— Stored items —
━━━━━━

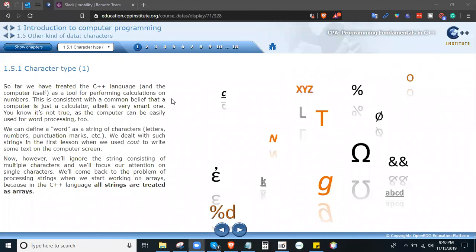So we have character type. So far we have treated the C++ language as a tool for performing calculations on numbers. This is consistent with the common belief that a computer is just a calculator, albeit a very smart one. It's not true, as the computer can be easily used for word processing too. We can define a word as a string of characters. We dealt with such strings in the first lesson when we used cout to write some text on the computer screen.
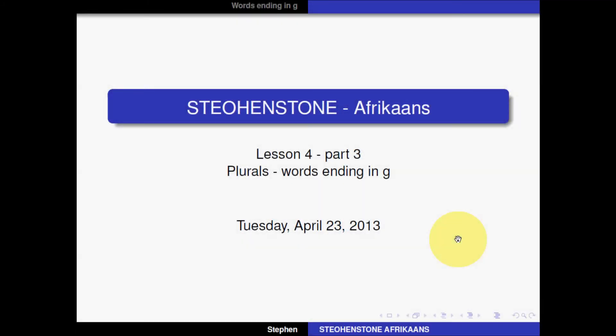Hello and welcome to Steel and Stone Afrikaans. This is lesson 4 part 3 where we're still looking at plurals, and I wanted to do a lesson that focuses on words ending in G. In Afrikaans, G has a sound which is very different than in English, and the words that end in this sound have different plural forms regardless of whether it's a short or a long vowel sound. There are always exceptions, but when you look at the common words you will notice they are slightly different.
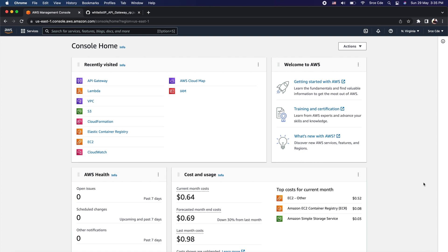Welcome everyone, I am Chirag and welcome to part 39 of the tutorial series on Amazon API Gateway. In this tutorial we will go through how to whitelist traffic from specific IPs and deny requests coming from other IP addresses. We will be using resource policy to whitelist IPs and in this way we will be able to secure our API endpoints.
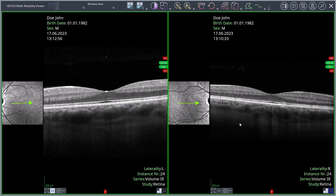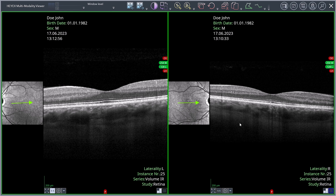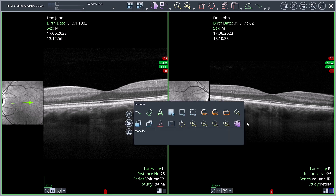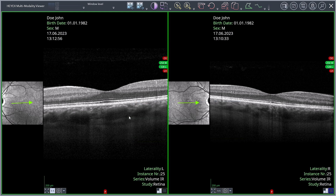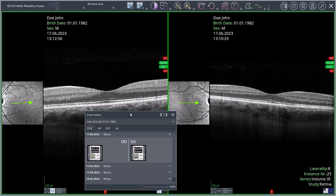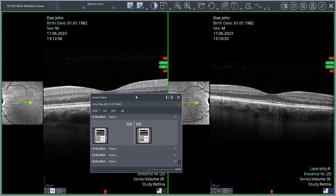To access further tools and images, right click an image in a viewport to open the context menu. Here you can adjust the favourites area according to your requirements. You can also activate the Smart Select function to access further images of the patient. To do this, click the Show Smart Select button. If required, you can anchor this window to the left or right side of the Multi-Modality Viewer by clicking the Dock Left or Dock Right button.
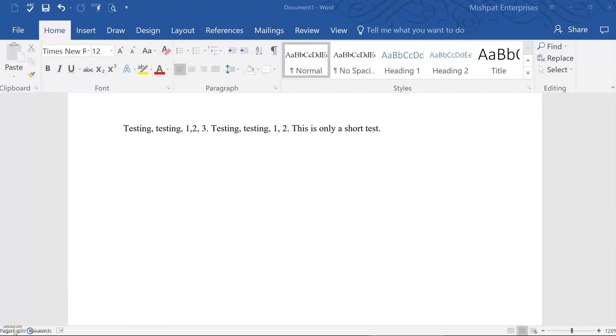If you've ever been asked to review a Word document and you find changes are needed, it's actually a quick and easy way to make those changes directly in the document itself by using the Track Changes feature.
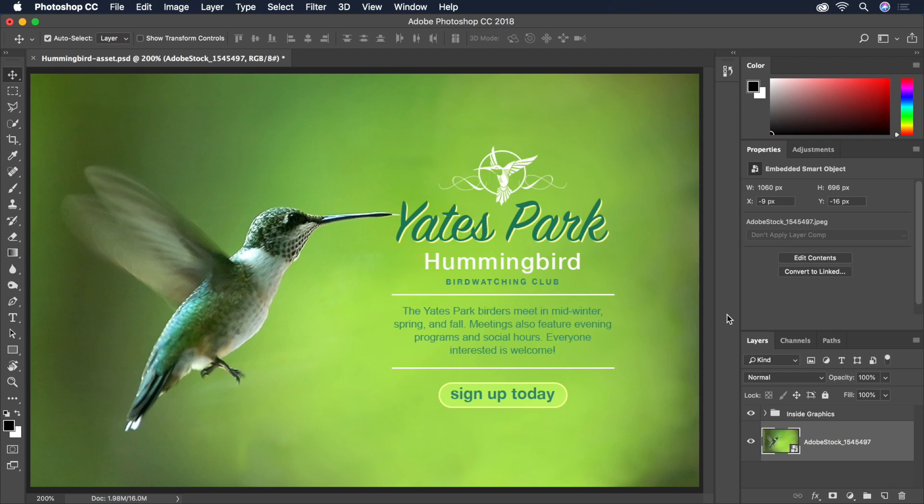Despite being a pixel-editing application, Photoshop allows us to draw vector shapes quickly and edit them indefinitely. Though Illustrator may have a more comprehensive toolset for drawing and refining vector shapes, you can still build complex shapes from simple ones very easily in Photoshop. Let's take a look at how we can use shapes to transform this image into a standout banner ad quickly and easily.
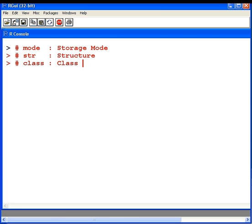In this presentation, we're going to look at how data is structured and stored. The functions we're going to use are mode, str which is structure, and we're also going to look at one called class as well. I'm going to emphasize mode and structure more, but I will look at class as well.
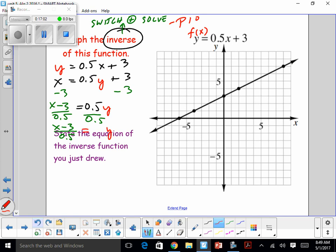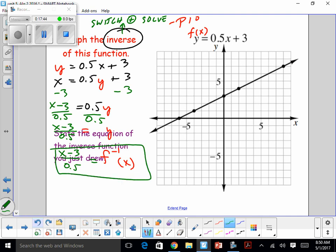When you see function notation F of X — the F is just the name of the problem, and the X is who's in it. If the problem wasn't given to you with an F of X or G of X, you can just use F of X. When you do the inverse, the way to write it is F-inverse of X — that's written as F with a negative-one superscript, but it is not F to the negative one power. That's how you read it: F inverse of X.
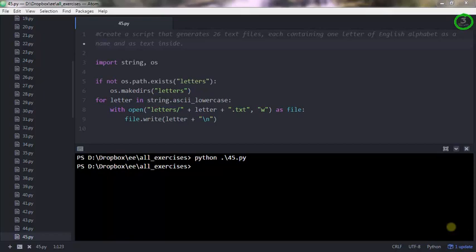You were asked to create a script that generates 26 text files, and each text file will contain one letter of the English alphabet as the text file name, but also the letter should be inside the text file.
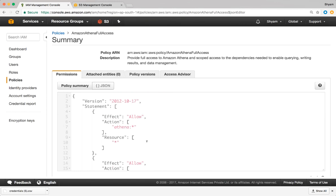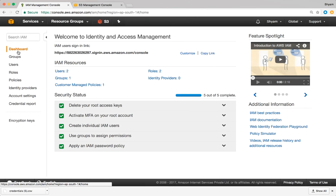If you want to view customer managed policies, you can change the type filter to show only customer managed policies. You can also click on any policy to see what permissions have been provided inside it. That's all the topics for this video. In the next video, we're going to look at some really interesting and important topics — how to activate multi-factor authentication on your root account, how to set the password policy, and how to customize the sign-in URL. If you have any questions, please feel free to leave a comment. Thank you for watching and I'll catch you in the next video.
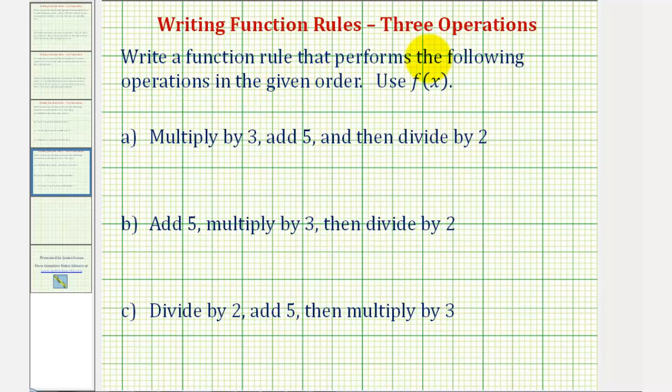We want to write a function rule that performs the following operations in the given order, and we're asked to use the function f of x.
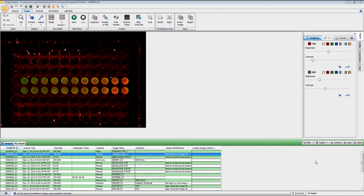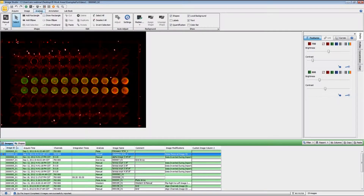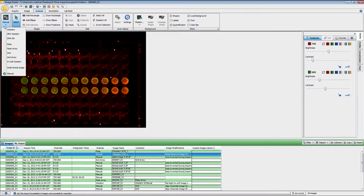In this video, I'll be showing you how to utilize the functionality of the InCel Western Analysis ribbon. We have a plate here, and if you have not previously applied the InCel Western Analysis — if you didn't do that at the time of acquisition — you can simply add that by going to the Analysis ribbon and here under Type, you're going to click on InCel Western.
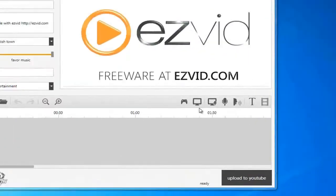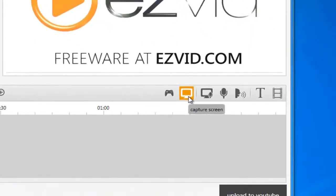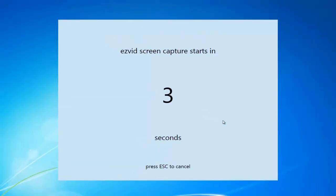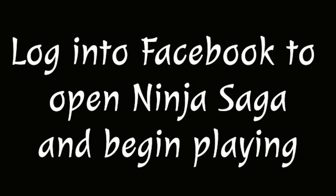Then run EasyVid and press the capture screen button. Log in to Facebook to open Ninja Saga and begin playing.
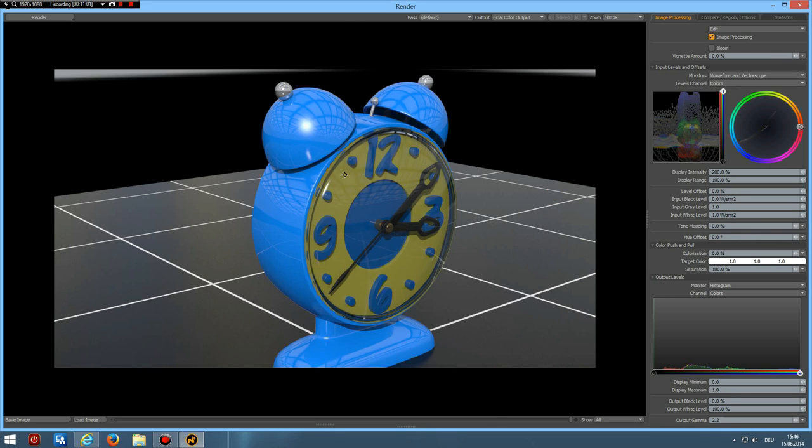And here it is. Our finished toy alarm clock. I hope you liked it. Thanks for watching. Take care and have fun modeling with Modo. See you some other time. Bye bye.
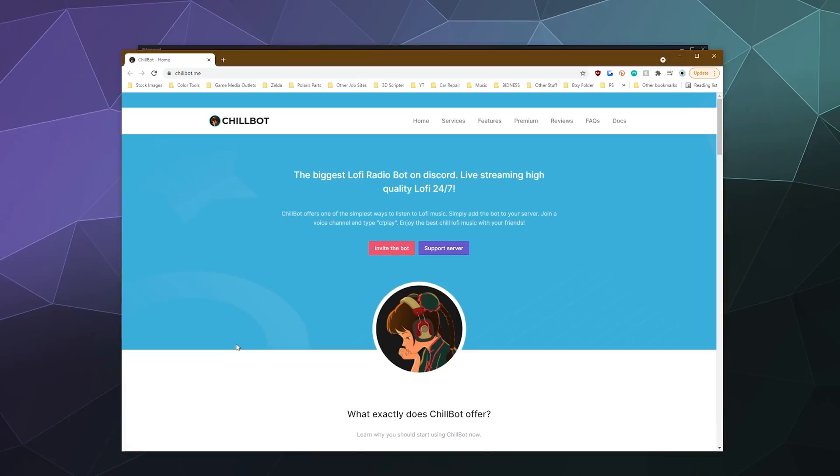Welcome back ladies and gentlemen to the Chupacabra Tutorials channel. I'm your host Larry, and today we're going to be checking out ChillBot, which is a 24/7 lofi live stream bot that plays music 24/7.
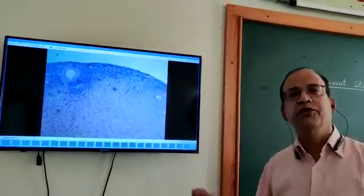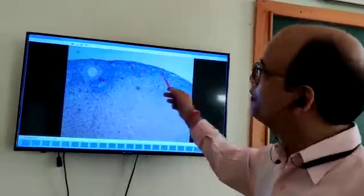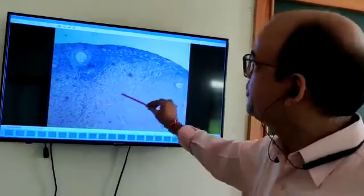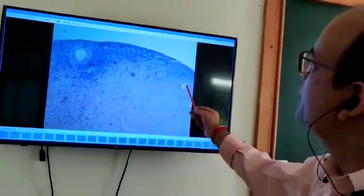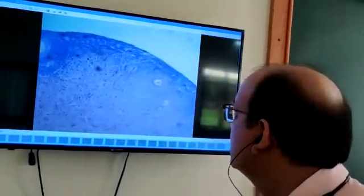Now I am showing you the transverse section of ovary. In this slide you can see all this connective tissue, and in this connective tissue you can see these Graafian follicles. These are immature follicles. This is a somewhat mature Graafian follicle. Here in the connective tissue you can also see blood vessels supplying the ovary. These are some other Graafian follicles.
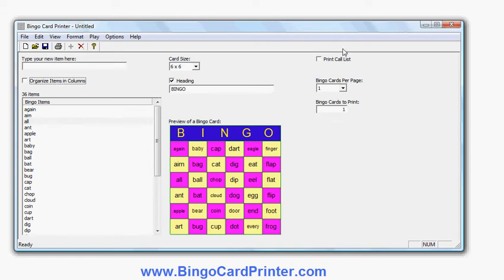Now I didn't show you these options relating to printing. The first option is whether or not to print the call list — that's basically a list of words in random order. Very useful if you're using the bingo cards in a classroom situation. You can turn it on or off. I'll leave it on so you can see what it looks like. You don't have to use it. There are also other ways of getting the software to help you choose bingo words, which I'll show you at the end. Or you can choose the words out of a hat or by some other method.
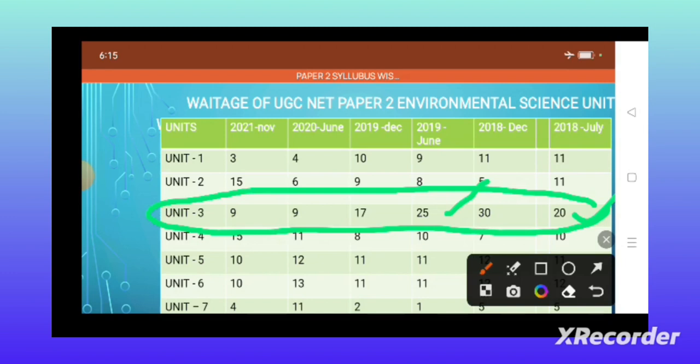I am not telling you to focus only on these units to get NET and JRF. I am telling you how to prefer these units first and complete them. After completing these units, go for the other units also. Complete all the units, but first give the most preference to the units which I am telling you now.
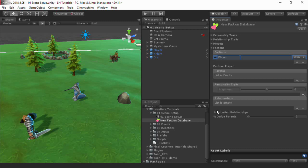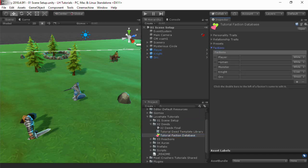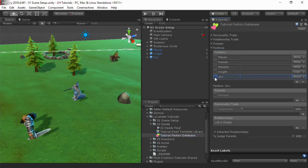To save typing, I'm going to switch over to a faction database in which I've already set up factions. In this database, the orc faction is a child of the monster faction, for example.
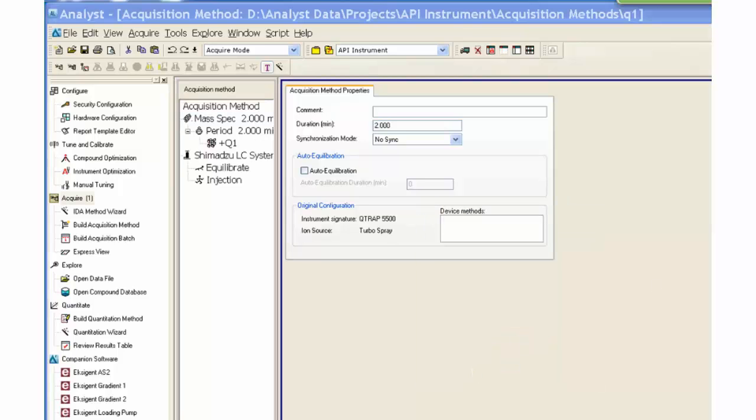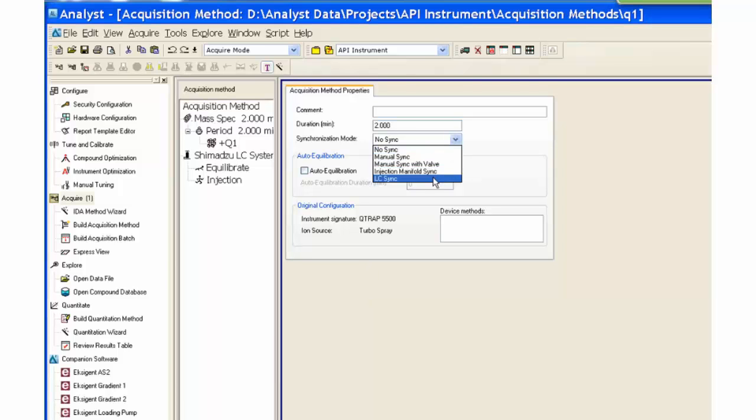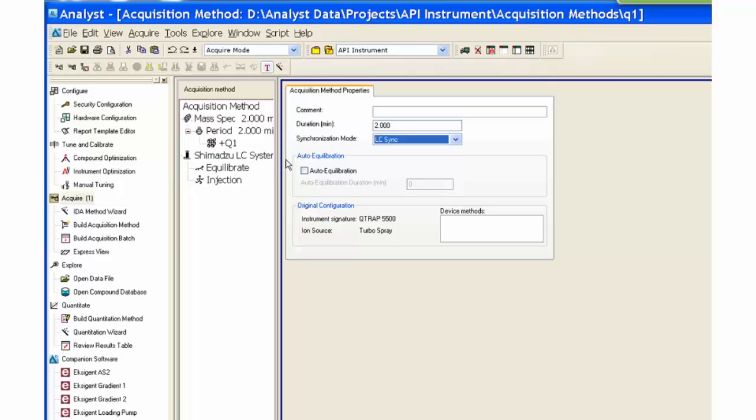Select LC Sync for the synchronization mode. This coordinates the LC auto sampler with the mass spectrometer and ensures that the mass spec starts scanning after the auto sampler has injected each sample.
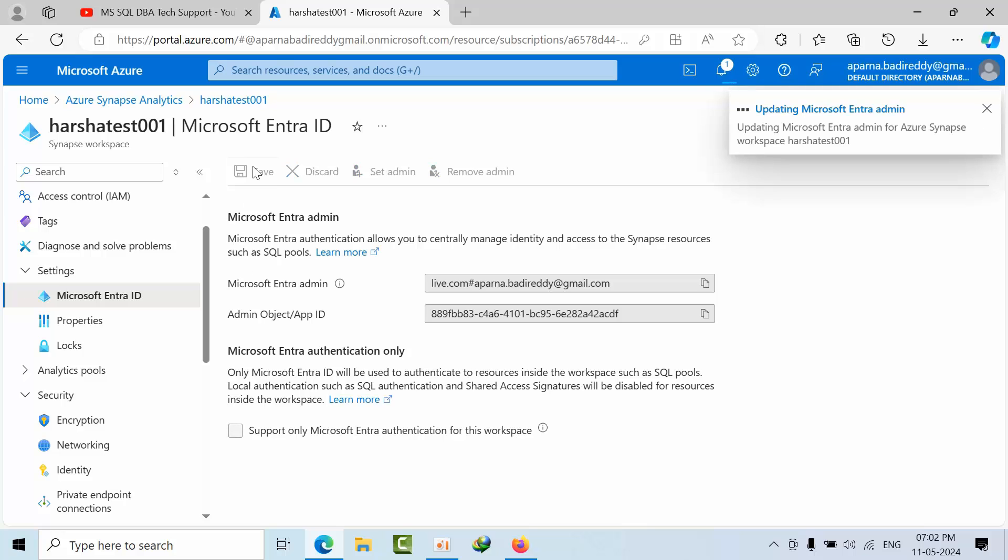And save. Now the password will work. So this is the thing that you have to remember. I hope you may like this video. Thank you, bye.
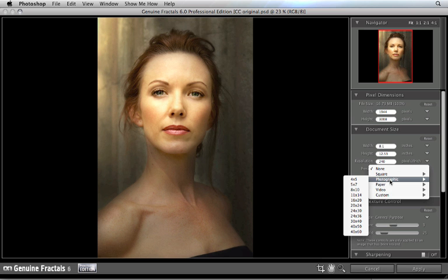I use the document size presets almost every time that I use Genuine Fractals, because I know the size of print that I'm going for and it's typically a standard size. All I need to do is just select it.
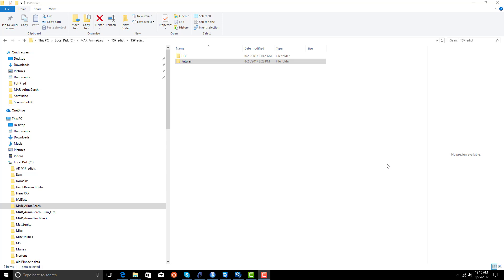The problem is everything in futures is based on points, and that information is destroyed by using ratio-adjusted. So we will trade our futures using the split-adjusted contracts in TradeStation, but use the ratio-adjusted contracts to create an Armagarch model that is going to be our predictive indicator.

━━━━━━

— Your instructions —
Give the records back exactly. Leave the pictures out.

— Task answer —
So we have character type. So far we have treated the C++ language as a tool for performing calculations on numbers. This is consistent with the common belief that a computer is just a calculator, albeit a very smart one. It's not true, as the computer can be easily used for word processing too. We can define a word as a string of characters. We dealt with such strings in the first lesson when we used cout to write some text on the computer screen.
Hello and welcome to Steel and Stone Afrikaans. This is lesson 4 part 3 where we're still looking at plurals, and I wanted to do a lesson that focuses on words ending in G. In Afrikaans, G has a sound which is very different than in English, and the words that end in this sound have different plural forms regardless of whether it's a short or a long vowel sound. There are always exceptions, but when you look at the common words you will notice they are slightly different.
Welcome everyone, I am Chirag and welcome to part 39 of the tutorial series on Amazon API Gateway. In this tutorial we will go through how to whitelist traffic from specific IPs and deny requests coming from other IP addresses. We will be using resource policy to whitelist IPs and in this way we will be able to secure our API endpoints.
To access further tools and images, right click an image in a viewport to open the context menu. Here you can adjust the favourites area according to your requirements. You can also activate the Smart Select function to access further images of the patient. To do this, click the Show Smart Select button. If required, you can anchor this window to the left or right side of the Multi-Modality Viewer by clicking the Dock Left or Dock Right button.
If you've ever been asked to review a Word document and you find changes are needed, it's actually a quick and easy way to make those changes directly in the document itself by using the Track Changes feature.
Despite being a pixel-editing application, Photoshop allows us to draw vector shapes quickly and edit them indefinitely. Though Illustrator may have a more comprehensive toolset for drawing and refining vector shapes, you can still build complex shapes from simple ones very easily in Photoshop. Let's take a look at how we can use shapes to transform this image into a standout banner ad quickly and easily.
In this presentation, we're going to look at how data is structured and stored. The functions we're going to use are mode, str which is structure, and we're also going to look at one called class as well. I'm going to emphasize mode and structure more, but I will look at class as well.
When you see function notation F of X — the F is just the name of the problem, and the X is who's in it. If the problem wasn't given to you with an F of X or G of X, you can just use F of X. When you do the inverse, the way to write it is F-inverse of X — that's written as F with a negative-one superscript, but it is not F to the negative one power. That's how you read it: F inverse of X.
You were asked to create a script that generates 26 text files, and each text file will contain one letter of the English alphabet as the text file name, but also the letter should be inside the text file.
If you want to view customer managed policies, you can change the type filter to show only customer managed policies. You can also click on any policy to see what permissions have been provided inside it. That's all the topics for this video. In the next video, we're going to look at some really interesting and important topics — how to activate multi-factor authentication on your root account, how to set the password policy, and how to customize the sign-in URL. If you have any questions, please feel free to leave a comment. Thank you for watching and I'll catch you in the next video.
We want to write a function rule that performs the following operations in the given order, and we're asked to use the function f of x.
In this video, I'll be showing you how to utilize the functionality of the InCel Western Analysis ribbon. We have a plate here, and if you have not previously applied the InCel Western Analysis — if you didn't do that at the time of acquisition — you can simply add that by going to the Analysis ribbon and here under Type, you're going to click on InCel Western.
Then run EasyVid and press the capture screen button. Log in to Facebook to open Ninja Saga and begin playing.
And here it is. Our finished toy alarm clock. I hope you liked it. Thanks for watching. Take care and have fun modeling with Modo. See you some other time. Bye bye.
Welcome back ladies and gentlemen to the Chupacabra Tutorials channel. I'm your host Larry, and today we're going to be checking out ChillBot, which is a 24/7 lofi live stream bot that plays music 24/7.
Now I am showing you the transverse section of ovary. In this slide you can see all this connective tissue, and in this connective tissue you can see these Graafian follicles. These are immature follicles. This is a somewhat mature Graafian follicle. Here in the connective tissue you can also see blood vessels supplying the ovary. These are some other Graafian follicles.
Now I didn't show you these options relating to printing. The first option is whether or not to print the call list — that's basically a list of words in random order. Very useful if you're using the bingo cards in a classroom situation. You can turn it on or off. I'll leave it on so you can see what it looks like. You don't have to use it. There are also other ways of getting the software to help you choose bingo words, which I'll show you at the end. Or you can choose the words out of a hat or by some other method.
I am not telling you to focus only on these units to get NET and JRF. I am telling you how to prefer these units first and complete them. After completing these units, go for the other units also. Complete all the units, but first give the most preference to the units which I am telling you now.
To save typing, I'm going to switch over to a faction database in which I've already set up factions. In this database, the orc faction is a child of the monster faction, for example.
Select LC Sync for the synchronization mode. This coordinates the LC auto sampler with the mass spectrometer and ensures that the mass spec starts scanning after the auto sampler has injected each sample.
And save. Now the password will work. So this is the thing that you have to remember. I hope you may like this video. Thank you, bye.
I use the document size presets almost every time that I use Genuine Fractals, because I know the size of print that I'm going for and it's typically a standard size. All I need to do is just select it.
The problem is everything in futures is based on points, and that information is destroyed by using ratio-adjusted. So we will trade our futures using the split-adjusted contracts in TradeStation, but use the ratio-adjusted contracts to create an Armagarch model that is going to be our predictive indicator.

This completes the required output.